▶ SOURCE MATERIAL
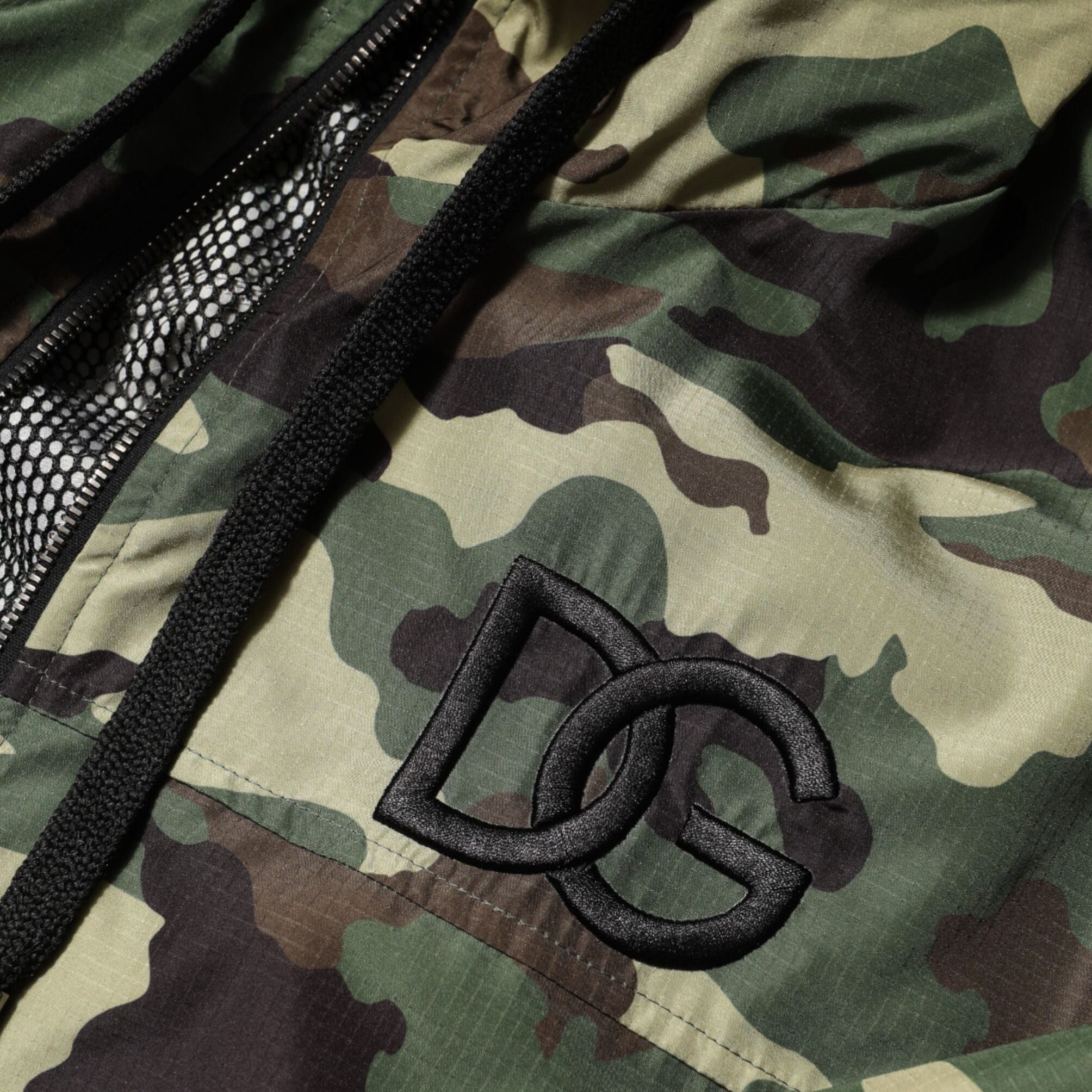 Dolce & Gabbana Green Camouflage Hooded Sweatshirt Jacket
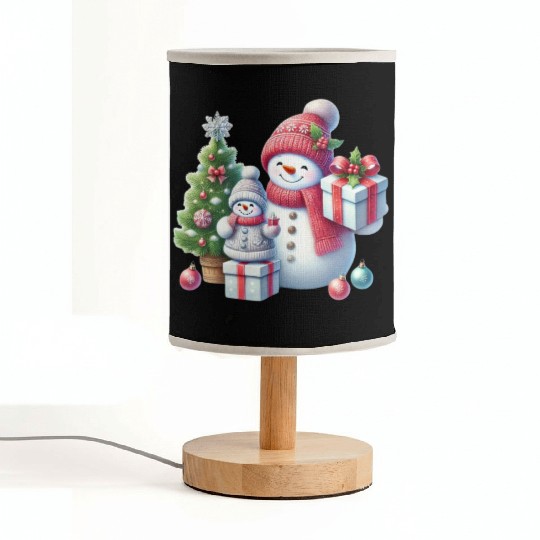 Snowman Family Christmas Joy with Gifts and Tree Fabric Lamps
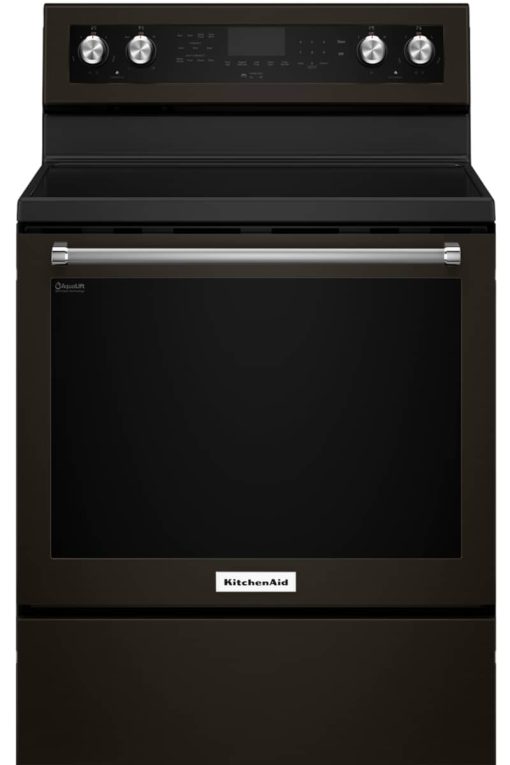 KitchenAid 30" PrintShield Black Stainless Steel Electric Convection Range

▶ ABOUT THIS EXERCISE
Everything in the data except the pictures must be transcribed exactly.

▶ RESPONSE TO THE TASK
 Dolce & Gabbana Green Camouflage Hooded Sweatshirt Jacket
 Snowman Family Christmas Joy with Gifts and Tree Fabric Lamps
 KitchenAid 30" PrintShield Black Stainless Steel Electric Convection Range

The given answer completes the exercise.